She went on to talk about how she’s been in her position at Indian Country Today for about seven months, and she gets the chance to wake up every day and write about native people.

“It’s an absolute dream,” she said.

After graduating from Newhouse in 2016, Bennett-Begaye taught high school students journalism, theatre production and drama. She credits her love of storytelling to her being a good teacher in those fields. During her teaching tenure, she realized that she wanted to become a reporter, and moved to Seattle shortly after that.

She recalled a time when she was in a newsroom with only older, white male editors, and prepared 13 story pitches including multimedia elements and timelines about the Dakota Access Pipeline. The first two editors said no to the story, and the third offered only a maybe. She kept pushing the story, even though the editors told her it wasn’t for their readers.

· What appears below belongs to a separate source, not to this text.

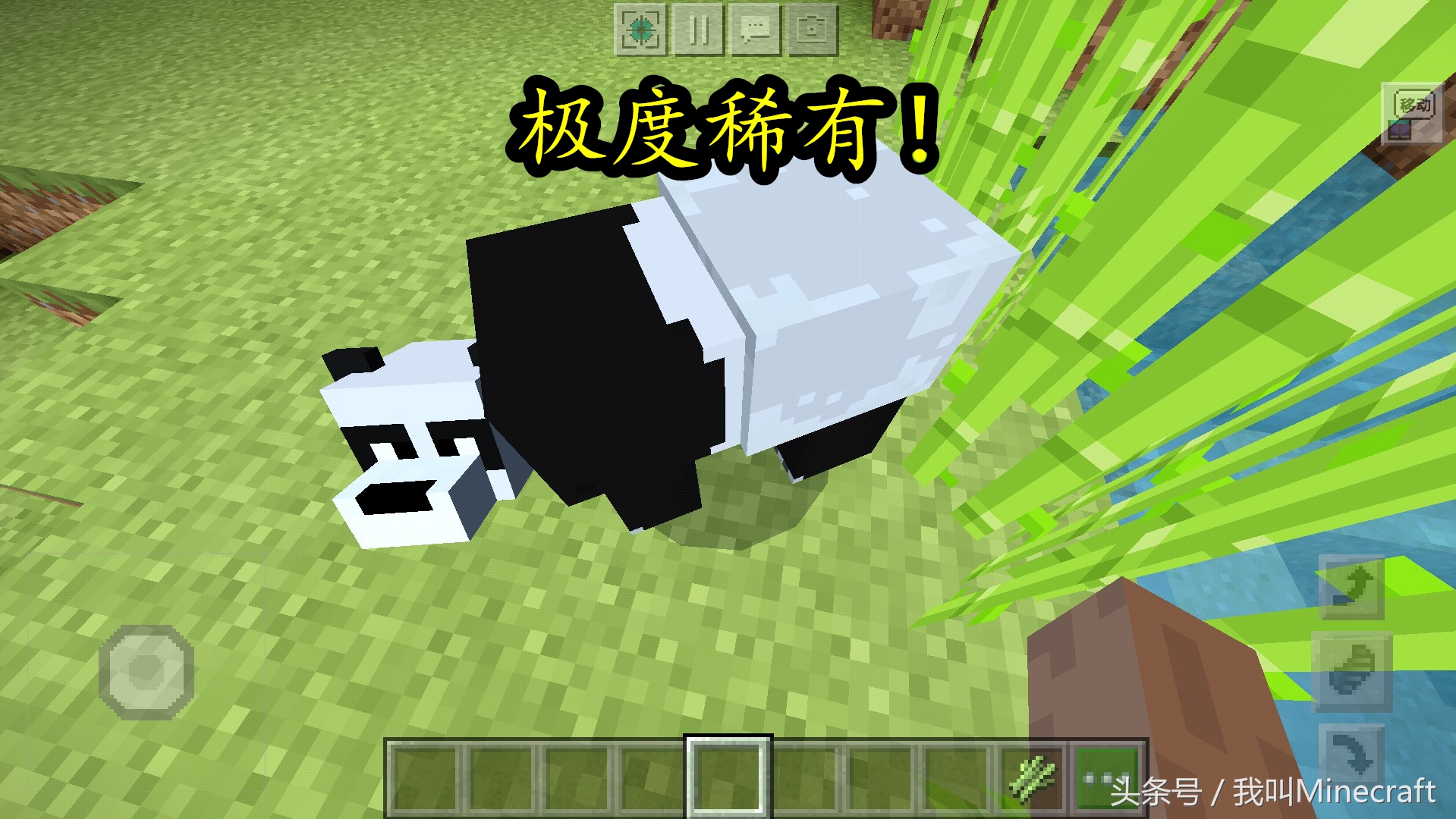 mc我的世界1.14更新内容,我的世界mc最新套路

Bennett-Begaye emailed her editors and told them she was going to be gone for a certain number of days, and went to North Dakota to report on the Standing Rock protests. Eventually, when she came back with videos of the protests, the editors let her continue with the story.

“It took that experience to finally trust myself, and I stood taller as an indigenous person and as a Navajo woman because I knew that I wasn’t going to be part of mainstream views or work for a mainstream outlet,” she said.

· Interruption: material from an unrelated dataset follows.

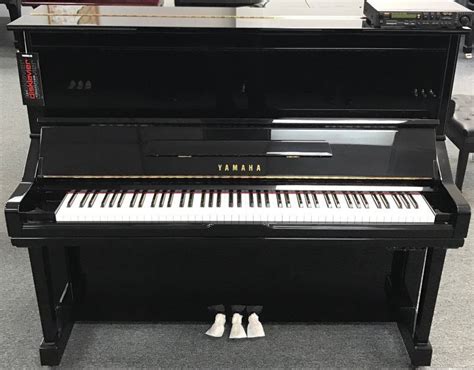 Yamaha Pianos - Official Piano Dealer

Bennett-Begaye added that Native American women only represent 0.2 percent of journalists in newsrooms across the United States.

“We want to be respected and interviewed about our stories, and we want to show up in the news as human beings and not as 1900s caricatures that only show up in history books in schools across this country,” she said.

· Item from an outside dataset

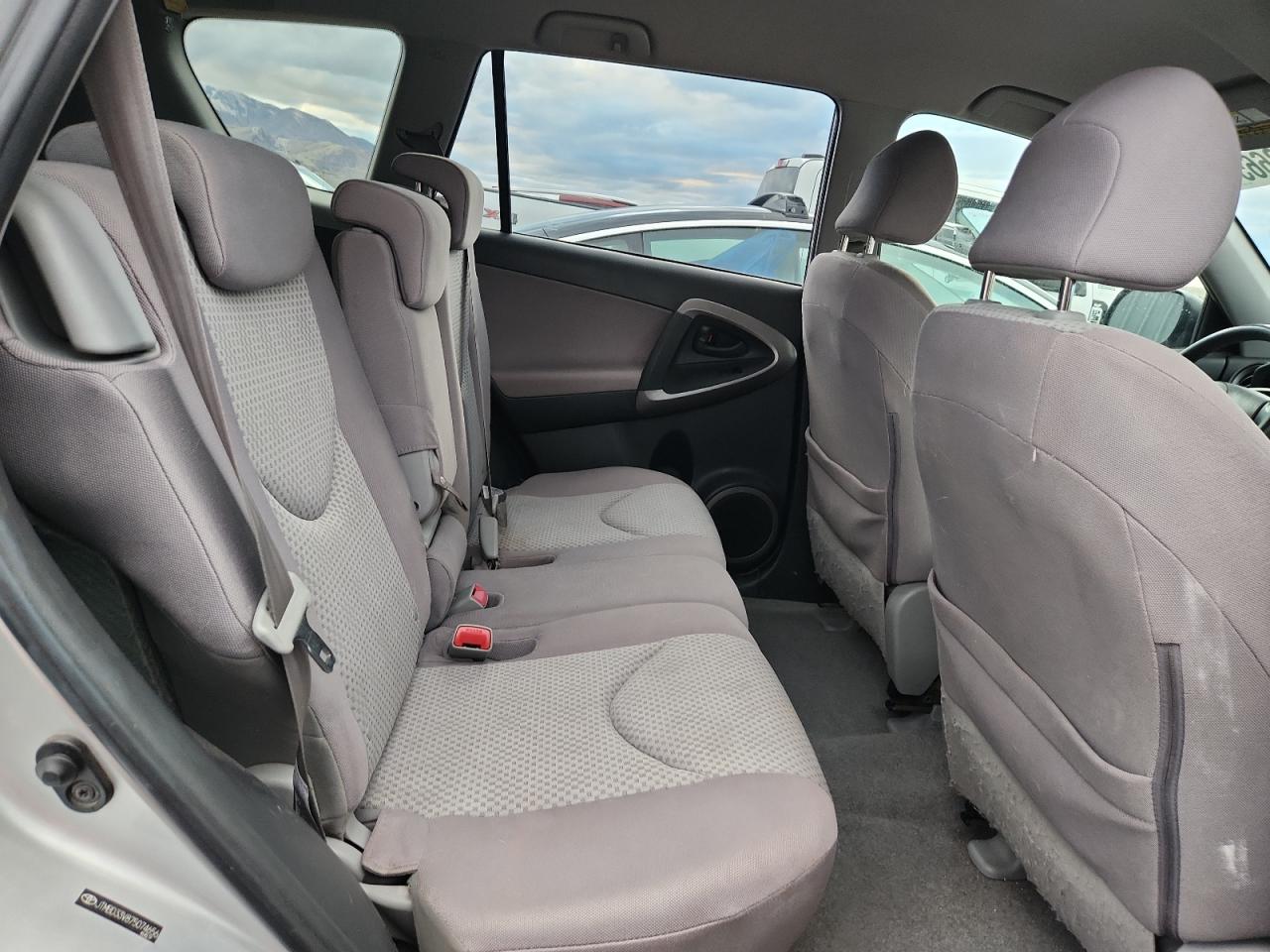 2007 Toyota Rav4 VIN: JTMBD33V875074656 Lot: 87248665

She said she chose to work at Indian Country Today for many reasons, but the most important was because as a native run media outlet, everyone understands how important culture, kinship, family and ceremony are. Bennett-Begaye said growing up, she was ashamed of who she was, but her grandmother helped her be proud of her heritage and that their stories are important and worth telling.

“I want to help native people tell their stories the right way,” she said. “If you see any media outlets not telling the stories you think should be told, then you should go out and seek those outlets.”


Daniel Taroy

Daniel Taroy is the senior social media director at Vanity Fair and said while the industry does try to improve diversity, it’s not always done in the best way. Taroy said growing up in diverse Orange County, California, meant he was never really subjected to microaggressions or much overt racism until he came to college.

“Over the three and a half years I spent at Newhouse, I gradually realized that this wasn’t just going to be a brief bout of culture shock, this was going to be my life for the foreseeable future if I wanted to stay in media,” he said.

He focused his energy on school and let his work speak for itself, and he brought that mentality with him when he moved to New York City.

“That was when I started to see just how clumsy people could be when it came to race, especially older people who are used to a different time in the industry,” Taroy said.

At his first job, Taroy said it was easy to feel like an outsider, as he was the only person of color and the youngest person to work there. He said his boss, a mostly innocuous woman, liked to drop comments about how he was unlike any assistants she had had before. He recalled another time when he grew out his hair and came to work with a top bun, and his boss said, “You look like a cute samurai.”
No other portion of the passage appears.